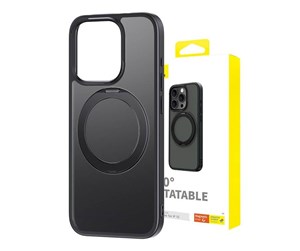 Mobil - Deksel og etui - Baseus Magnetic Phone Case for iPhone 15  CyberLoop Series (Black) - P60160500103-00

---

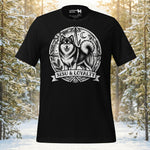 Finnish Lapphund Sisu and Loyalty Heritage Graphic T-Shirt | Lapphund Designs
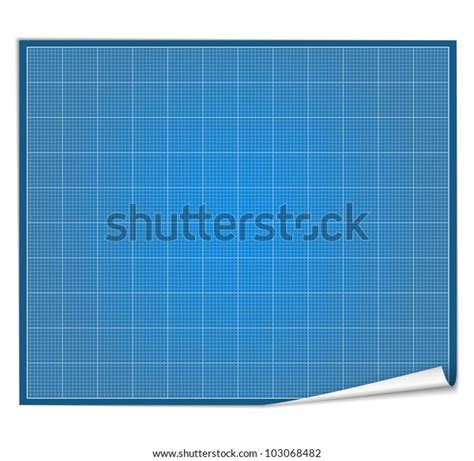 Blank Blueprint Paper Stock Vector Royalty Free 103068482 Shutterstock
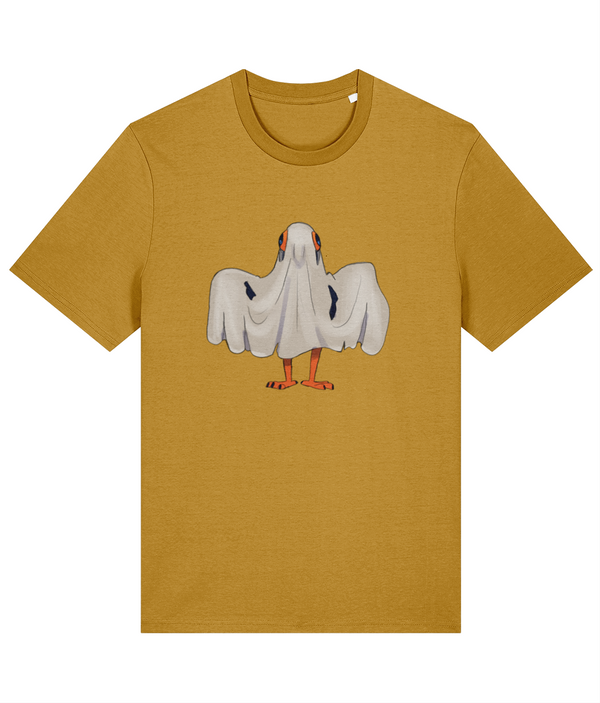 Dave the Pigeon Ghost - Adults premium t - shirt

* * *

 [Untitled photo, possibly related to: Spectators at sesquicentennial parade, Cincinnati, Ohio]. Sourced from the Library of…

*TASK ITEM*
Without the pictures, give again exactly the lines above starting at the line containing "Finnish Lapphund Sisu" and ending at the line containing "Dave the Pigeon".

*OUTPUT OF THE TASK*
 Finnish Lapphund Sisu and Loyalty Heritage Graphic T-Shirt | Lapphund Designs
 Blank Blueprint Paper Stock Vector Royalty Free 103068482 Shutterstock
 Dave the Pigeon Ghost - Adults premium t - shirt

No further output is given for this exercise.